» DIRECTIONS FOR THIS TASK:
Although the records include pictures, the copy should not; write out exactly the lines from the first through the line with "Open-concept living room".

*** DATA FOR THE TASK Section Begins ***

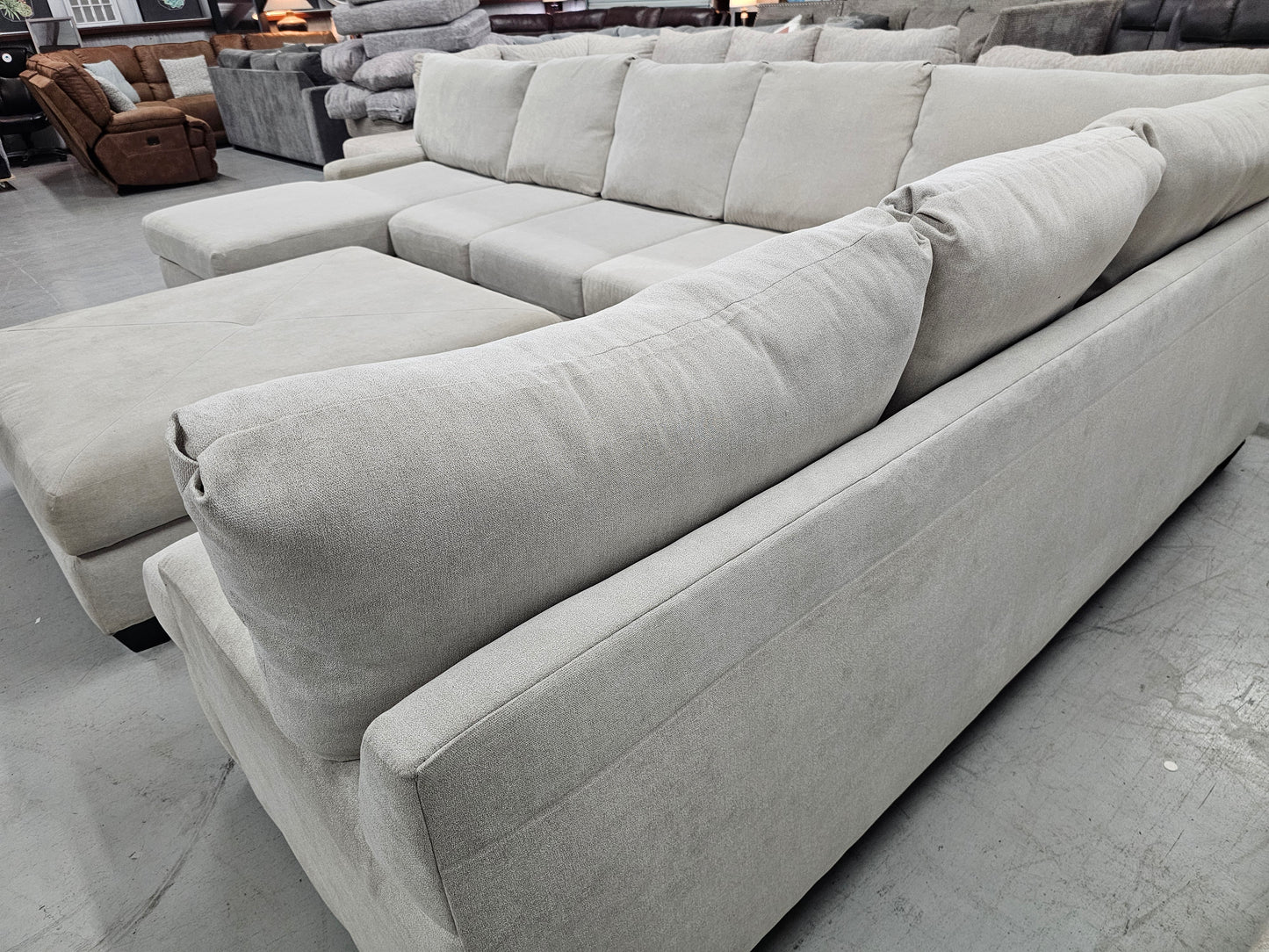 Oversized Beige U-Shaped Sectional Couch with RAF Chaise Lounge & Ottoman – Living Spaces - D38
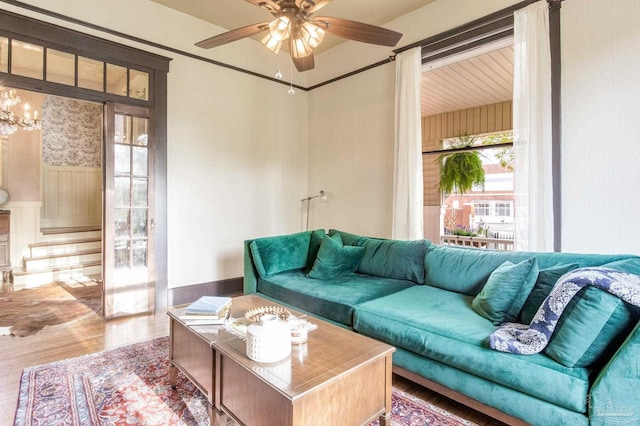 living room with stairs, ceiling fan with notable chandelier, and wood finished floors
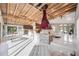 Open-concept living room with high wood ceilings, modern lighting, and access to outdoor spaces at 3636 Mineola, Sarasota, FL 34239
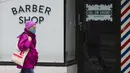 Seorang wanita yang mengenakan masker berjalan melewati tempat pangkas rambut yang tutup di Toronto, Kanada, 23 November 2020. Kanada melaporkan 5.119 kasus baru COVID-19 dan tambahan 49 kematian pada 23 November 2020 malam waktu setempat. (Xinhua/Zou Zheng)
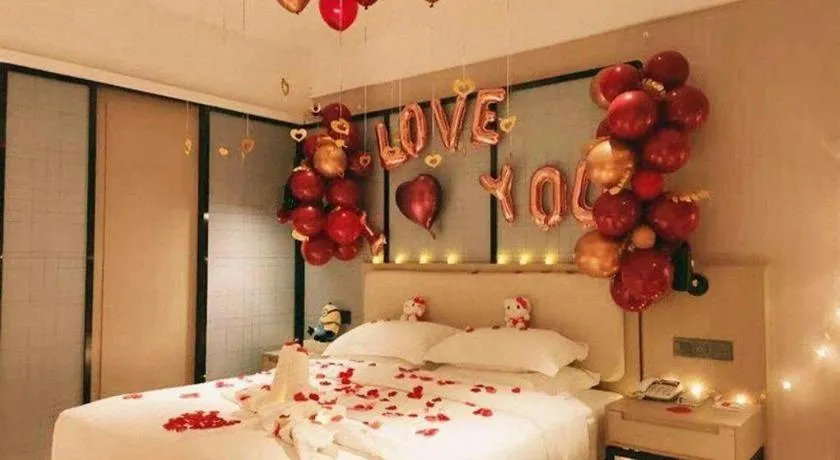 Bed in Echarm Hotel Xinyu Railway Station Baoshi Park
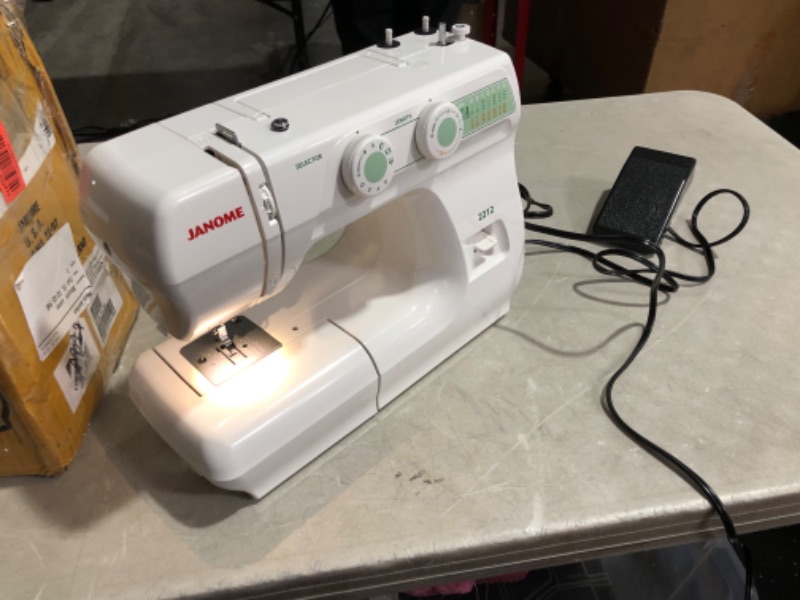 Photo 4 of ***USED AND SCRATCHED - POWERS ON - UNABLE TO TEST FURTHER - NO ACCESSORIES INCLUDED***
Janome 2212 Front-Loading Sewing Machine with 12 Built-In Stitches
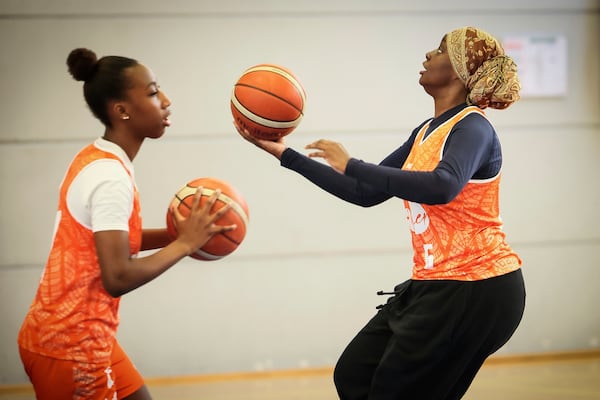 A player wearing a headscarf warms-up before a basketball game, in Aubervilliers near Paris, Sunday, April 27, 2025. (AP Photo/Thomas Padilla)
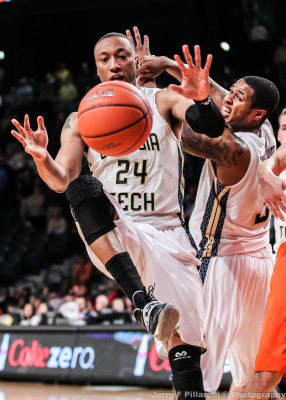 Yellow Jackets F Holsey tries to corral a loose ball
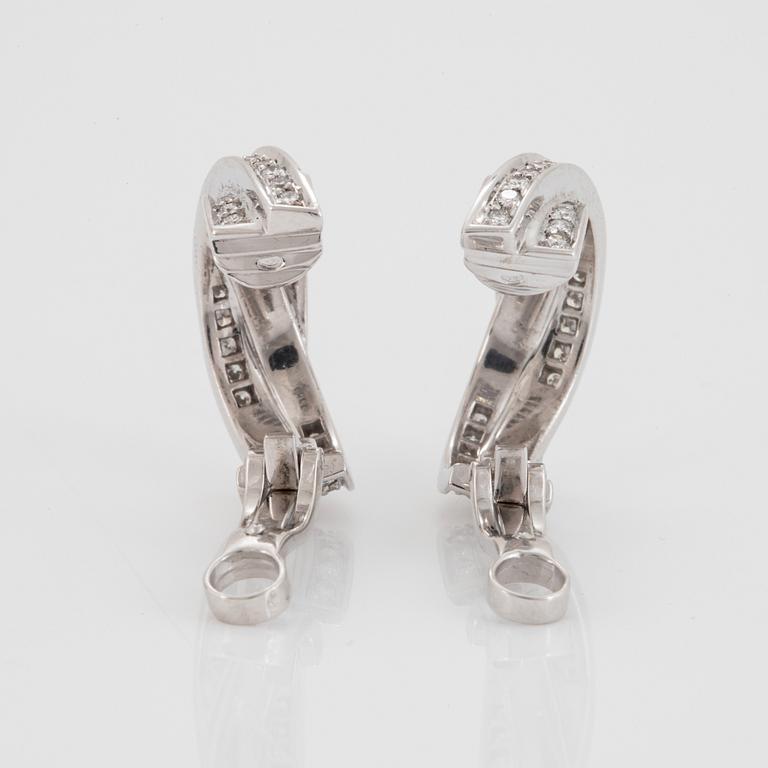 A pair of Cartier "Trinity" earrings in 18K white gold set with round brilliant-cut diamonds.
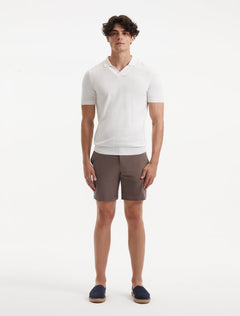 "Front view of a model wearing Jack brown swim shorts, showcasing the modern slim fit and quick-dry fabric"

*** DATA FOR THE TASK Section Ends ***

» THE COMPLETED TASK:
 Oversized Beige U-Shaped Sectional Couch with RAF Chaise Lounge & Ottoman – Living Spaces - D38
 living room with stairs, ceiling fan with notable chandelier, and wood finished floors
 Open-concept living room with high wood ceilings, modern lighting, and access to outdoor spaces at 3636 Mineola, Sarasota, FL 34239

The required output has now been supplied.